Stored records
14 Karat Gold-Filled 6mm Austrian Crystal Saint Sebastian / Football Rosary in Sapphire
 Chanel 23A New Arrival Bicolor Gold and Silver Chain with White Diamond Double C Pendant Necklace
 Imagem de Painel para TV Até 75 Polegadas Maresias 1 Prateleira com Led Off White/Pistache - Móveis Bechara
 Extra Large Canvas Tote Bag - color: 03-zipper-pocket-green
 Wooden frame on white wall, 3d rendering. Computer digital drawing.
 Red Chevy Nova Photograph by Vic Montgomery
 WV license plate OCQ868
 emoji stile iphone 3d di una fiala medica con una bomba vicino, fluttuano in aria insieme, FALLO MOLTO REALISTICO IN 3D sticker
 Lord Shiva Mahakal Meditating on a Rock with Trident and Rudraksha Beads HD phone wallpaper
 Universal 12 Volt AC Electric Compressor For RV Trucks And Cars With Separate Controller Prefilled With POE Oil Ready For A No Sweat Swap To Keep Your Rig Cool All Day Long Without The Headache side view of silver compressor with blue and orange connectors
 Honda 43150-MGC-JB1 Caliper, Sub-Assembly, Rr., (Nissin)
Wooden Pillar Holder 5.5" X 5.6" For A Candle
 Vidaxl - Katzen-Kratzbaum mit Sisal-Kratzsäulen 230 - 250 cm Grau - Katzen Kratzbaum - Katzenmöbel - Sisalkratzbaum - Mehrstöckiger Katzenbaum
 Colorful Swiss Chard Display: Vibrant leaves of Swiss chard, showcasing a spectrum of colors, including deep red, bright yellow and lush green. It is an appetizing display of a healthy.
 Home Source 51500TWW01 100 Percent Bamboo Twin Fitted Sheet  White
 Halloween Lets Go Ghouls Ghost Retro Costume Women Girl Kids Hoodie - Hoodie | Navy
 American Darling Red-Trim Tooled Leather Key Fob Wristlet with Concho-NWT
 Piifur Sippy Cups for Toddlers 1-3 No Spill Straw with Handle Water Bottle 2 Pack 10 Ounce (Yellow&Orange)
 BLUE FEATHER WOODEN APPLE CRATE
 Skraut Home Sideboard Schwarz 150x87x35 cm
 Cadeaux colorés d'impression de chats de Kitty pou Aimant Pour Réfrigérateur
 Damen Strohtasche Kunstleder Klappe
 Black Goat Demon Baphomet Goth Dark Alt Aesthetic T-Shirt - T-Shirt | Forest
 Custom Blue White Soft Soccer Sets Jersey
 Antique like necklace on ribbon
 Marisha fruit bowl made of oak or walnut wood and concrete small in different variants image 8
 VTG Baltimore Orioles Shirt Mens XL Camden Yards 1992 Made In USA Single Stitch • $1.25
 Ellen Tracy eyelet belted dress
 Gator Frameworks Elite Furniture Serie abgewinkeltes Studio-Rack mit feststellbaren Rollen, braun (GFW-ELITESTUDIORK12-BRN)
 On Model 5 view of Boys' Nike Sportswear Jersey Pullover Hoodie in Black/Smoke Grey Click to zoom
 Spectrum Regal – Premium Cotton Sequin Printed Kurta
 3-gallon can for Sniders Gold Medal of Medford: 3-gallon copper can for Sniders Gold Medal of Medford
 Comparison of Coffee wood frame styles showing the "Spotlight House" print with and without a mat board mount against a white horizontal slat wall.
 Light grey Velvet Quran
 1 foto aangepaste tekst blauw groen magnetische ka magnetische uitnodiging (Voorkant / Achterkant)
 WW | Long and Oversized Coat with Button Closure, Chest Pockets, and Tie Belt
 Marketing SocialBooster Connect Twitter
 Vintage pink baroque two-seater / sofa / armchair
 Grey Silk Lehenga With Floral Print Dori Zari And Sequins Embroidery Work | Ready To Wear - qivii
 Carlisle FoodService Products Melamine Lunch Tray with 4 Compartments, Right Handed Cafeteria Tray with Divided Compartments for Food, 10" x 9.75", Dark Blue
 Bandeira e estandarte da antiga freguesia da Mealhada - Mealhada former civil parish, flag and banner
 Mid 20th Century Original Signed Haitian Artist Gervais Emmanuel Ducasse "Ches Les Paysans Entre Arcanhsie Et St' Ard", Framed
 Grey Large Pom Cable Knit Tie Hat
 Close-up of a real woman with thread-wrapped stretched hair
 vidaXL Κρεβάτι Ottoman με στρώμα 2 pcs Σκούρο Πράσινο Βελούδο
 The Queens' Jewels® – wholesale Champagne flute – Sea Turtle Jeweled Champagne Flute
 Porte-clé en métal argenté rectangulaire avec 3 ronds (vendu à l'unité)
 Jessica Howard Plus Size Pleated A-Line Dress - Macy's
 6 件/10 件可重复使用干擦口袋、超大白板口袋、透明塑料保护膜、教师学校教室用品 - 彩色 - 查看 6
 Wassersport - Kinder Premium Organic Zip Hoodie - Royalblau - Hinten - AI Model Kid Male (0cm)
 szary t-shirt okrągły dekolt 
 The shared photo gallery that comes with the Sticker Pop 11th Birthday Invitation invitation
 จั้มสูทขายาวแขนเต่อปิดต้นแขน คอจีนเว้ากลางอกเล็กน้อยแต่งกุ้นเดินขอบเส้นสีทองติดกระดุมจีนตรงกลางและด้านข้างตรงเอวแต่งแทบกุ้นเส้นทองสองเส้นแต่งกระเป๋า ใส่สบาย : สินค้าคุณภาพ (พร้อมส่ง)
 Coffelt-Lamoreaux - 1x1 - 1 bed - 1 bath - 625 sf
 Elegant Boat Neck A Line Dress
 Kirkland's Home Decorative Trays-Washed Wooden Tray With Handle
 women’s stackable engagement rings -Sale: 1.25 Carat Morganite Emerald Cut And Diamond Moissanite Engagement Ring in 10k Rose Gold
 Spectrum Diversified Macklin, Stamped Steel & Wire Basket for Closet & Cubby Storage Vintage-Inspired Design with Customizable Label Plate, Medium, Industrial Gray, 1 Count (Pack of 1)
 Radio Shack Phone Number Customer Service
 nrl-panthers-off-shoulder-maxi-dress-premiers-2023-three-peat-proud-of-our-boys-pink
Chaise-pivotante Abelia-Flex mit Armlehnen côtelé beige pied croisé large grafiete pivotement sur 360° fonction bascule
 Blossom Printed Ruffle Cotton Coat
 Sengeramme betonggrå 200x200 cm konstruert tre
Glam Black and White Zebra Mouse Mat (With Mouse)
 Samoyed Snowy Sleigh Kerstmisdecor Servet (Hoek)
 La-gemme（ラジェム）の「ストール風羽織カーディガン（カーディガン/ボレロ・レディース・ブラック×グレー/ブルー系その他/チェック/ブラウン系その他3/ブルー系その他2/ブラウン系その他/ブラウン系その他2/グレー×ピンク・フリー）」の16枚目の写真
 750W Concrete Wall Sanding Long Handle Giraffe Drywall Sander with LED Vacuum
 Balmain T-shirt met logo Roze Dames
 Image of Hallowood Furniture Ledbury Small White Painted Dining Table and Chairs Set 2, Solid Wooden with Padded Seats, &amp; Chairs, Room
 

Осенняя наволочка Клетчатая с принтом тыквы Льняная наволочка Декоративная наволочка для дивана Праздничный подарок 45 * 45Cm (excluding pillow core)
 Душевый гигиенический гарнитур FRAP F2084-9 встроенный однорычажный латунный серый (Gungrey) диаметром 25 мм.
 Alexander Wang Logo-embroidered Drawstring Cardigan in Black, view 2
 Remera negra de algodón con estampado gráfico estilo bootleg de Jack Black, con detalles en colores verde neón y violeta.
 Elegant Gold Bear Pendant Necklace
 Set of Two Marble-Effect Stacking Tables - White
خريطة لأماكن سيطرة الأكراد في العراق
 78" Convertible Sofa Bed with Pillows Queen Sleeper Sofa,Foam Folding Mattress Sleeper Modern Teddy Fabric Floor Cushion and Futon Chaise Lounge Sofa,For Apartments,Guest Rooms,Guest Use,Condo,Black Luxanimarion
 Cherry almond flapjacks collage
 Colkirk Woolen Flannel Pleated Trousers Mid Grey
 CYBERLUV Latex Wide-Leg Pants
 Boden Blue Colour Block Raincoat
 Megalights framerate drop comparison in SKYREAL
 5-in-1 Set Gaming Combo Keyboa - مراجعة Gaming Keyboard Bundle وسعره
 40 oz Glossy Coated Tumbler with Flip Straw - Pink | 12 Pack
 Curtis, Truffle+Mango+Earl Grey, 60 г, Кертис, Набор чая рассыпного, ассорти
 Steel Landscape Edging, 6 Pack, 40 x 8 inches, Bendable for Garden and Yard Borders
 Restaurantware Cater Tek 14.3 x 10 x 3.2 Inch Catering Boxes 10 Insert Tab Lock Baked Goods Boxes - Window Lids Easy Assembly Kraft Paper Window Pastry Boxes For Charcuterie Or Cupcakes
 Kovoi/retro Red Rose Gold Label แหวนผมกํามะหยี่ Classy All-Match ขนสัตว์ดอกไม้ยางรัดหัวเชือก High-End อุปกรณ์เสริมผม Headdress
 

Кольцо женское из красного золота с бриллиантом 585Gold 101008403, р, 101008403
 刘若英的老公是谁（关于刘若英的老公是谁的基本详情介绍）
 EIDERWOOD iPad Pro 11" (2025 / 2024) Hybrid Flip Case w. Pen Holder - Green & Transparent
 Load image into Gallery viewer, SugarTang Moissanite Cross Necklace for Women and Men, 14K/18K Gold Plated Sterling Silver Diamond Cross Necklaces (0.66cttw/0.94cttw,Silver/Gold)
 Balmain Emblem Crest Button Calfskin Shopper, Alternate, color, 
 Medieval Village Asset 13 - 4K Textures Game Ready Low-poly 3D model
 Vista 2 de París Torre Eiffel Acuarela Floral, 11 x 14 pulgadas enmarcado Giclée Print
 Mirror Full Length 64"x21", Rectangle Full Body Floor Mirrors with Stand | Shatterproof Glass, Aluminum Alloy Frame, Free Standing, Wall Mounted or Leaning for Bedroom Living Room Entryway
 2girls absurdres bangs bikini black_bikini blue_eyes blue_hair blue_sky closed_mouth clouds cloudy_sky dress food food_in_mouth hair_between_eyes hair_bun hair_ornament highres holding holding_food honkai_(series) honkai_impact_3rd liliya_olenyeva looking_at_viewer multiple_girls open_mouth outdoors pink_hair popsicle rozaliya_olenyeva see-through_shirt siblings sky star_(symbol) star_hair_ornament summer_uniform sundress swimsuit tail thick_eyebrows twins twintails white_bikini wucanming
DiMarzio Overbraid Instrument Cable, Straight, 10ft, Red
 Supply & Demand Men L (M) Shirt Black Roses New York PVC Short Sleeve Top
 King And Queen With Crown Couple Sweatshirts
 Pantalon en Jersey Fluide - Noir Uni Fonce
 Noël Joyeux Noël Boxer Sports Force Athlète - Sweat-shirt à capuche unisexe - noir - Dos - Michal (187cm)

◆ **EXERCISE**: Give only how many lines above hold "Floral".

◆ **TASK SOLUTION**: 2